I've created an Elasticsearch index with custom settings and analyzers to handle various text transformations. Here are the settings for my index:
"settings": {
"index": {
"analysis": {
"filter": {
"my_synonyms_2_first_name": {
"type": "synonym",
"synonyms_path": "Broadness_3_First_Name.txt"
},
"my_synonyms_first_name": {
"type": "synonym",
"synonyms_path": "Broadness_2_First_Name.txt"
},
"french_stop": {
"type": "stop",
"stopwords": "_french_"
},
"english_stemmer": {
"name": "english",
"type": "stemmer"
},
"my_english_soundex": {
"replace": "false",
"type": "phonetic",
"encoder": "soundex"
},
"my_french_soundex": {
"languageset": ["french"],
"replace": "false",
"rule_type": "approx",
"type": "phonetic",
"encoder": "beider_morse",
"name_type": "generic"
},
"my_synonyms_last_name": {
"type": "synonym",
"synonyms_path": "Broadness_2_Last_Name.txt"
},
"english_stop": {
"type": "stop",
"stopwords": "_english_"
},
"french_elision": {
"type": "elision",
"articles": [
"l", "m", "t", "qu", "n", "s", "j", "d", "c", "jusqu", "quoiqu", "lorsqu", "puisqu"
],
"articles_case": "true"
},
"my_location_synonyms": {
"type": "synonym",
"synonyms_path": "LOCATION.txt"
},
"my_synonyms_2_last_name": {
"type": "synonym",
"synonyms_path": "Broadness_3_Last_Name.txt"
},
"french_stemmer": {
"name": "french",
"type": "stemmer"
}
},
"analyzer": {
"uppercase": {
"filter": ["uppercase", "asciifolding"],
"tokenizer": "standard"
},
"location_synonyms": {
"filter": ["lowercase", "asciifolding", "my_location_synonyms"],
"tokenizer": "keyword"
},
"my_synonyms": {
"filter": ["lowercase", "asciifolding", "my_synonyms_first_name", "my_synonyms_last_name"],
"tokenizer": "standard"
},
"lowercase": {
"filter": ["lowercase", "asciifolding"],
"tokenizer": "standard"
},
"my_english_phonetic": {
"filter": ["lowercase", "my_english_soundex", "asciifolding"],
"tokenizer": "standard"
},
"my_synonyms_2": {
"filter": ["lowercase", "asciifolding", "my_synonyms_2_first_name", "my_synonyms_2_last_name"],
"tokenizer": "standard"
},
"english": {
"filter": ["lowercase", "asciifolding"],
"tokenizer": "standard"
},
"fuzzy_analyzer": {
"filter": ["lowercase"],
"tokenizer": "standard"
},
"my_french_phonetic": {
"filter": ["lowercase", "french_stop", "french_stemmer", "my_french_soundex"],
"tokenizer": "standard"
},
"french": {
"filter": ["lowercase", "french_stop", "french_stemmer", "french_elision"],
"tokenizer": "standard"
}
}
},
"similarity": {
"scripted_tfidf": {
"type": "scripted",
"script": {
"source": "double tf = Math.sqrt(doc.freq); double idf = 1.0; double norm = 1/Math.sqrt(doc.length); return query.boost * tf * idf * norm;"
}
}
}
}
}
I have also created multiple field types for each text field with these custom analyzers.
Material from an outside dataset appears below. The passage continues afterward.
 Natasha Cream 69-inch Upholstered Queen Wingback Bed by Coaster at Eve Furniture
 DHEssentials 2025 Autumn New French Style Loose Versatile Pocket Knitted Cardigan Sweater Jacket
Here is an example for the prenom_conjointe_precedente_du_probant field:
"prenom_conjointe_precedente_du_probant": {
"similarity": "scripted_tfidf",
"type": "text",
"fields": {
"uppercase": {
"analyzer": "uppercase",
"similarity": "scripted_tfidf",
"type": "text"
},
"english_phonetic": {
"analyzer": "my_english_phonetic",
"similarity": "scripted_tfidf",
"type": "text"
},
"exact_match": {
"similarity": "scripted_tfidf",
"type": "keyword"
},
"french_phonetic": {
"analyzer": "my_french_phonetic",
"similarity": "scripted_tfidf",
"type": "text"
},
"lowercase": {
"analyzer": "lowercase",
"similarity": "scripted_tfidf",
"type": "text"
},
"english": {
"analyzer": "english",
"similarity": "scripted_tfidf",
"type": "text"
},
"broadness_3_synonyms": {
"analyzer": "my_synonyms_2",
"similarity": "scripted_tfidf",
"type": "text"
},
"suggest": {
"max_input_length": 50,
"analyzer": "simple",
"preserve_position_increments": true,
"type": "completion",
"preserve_separators": true
},
"broadness_2_synonyms": {
"analyzer": "my_synonyms",
"similarity": "scripted_tfidf",
"type": "text"
},
"french": {
"analyzer": "french",
"similarity": "scripted_tfidf",
"type": "text"
},
"fuzzy": {
"analyzer": "fuzzy_analyzer",
"type": "text"
}
},
"copy_to": [
"full_name_conjointe_precedente_du_probant"
]
}
After indexing the data, I noticed that the fields using the lowercase analyzer did not transform the data to lowercase or remove ASCII characters as expected.

Could someone help me understand why the lowercase analyzer is not applying the expected transformations on my indexed data? Is there something I'm missing in the configuration or the way data is being indexed? Any insights or solutions would be greatly appreciated!